§ **DATASET RECORDS**
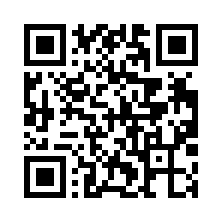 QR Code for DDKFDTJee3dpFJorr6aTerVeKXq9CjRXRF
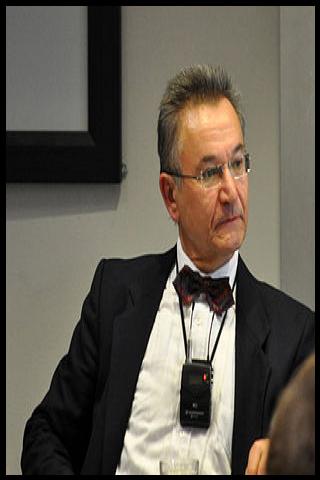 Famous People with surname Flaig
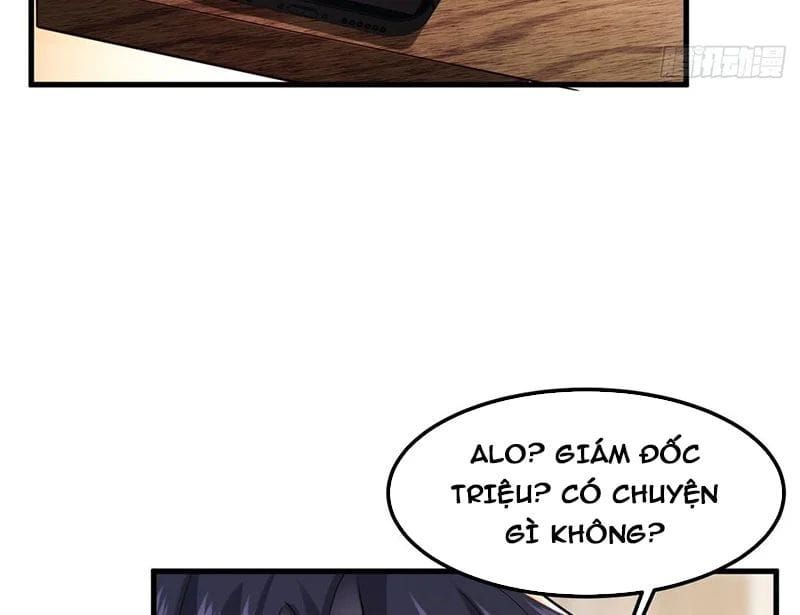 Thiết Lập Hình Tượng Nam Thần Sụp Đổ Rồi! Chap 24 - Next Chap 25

...

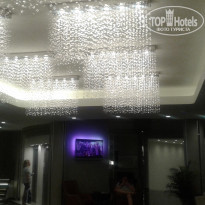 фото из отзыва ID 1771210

§ **WHAT YOU HAVE TO DO**
Nothing but the lines from the one with "QR Code for" to the one with "Thiết Lập Hình" above, both included, should be transcribed, exactly and without pictures.

§ **EXERCISE RESPONSE**
 QR Code for DDKFDTJee3dpFJorr6aTerVeKXq9CjRXRF
 Famous People with surname Flaig
 Thiết Lập Hình Tượng Nam Thần Sụp Đổ Rồi! Chap 24 - Next Chap 25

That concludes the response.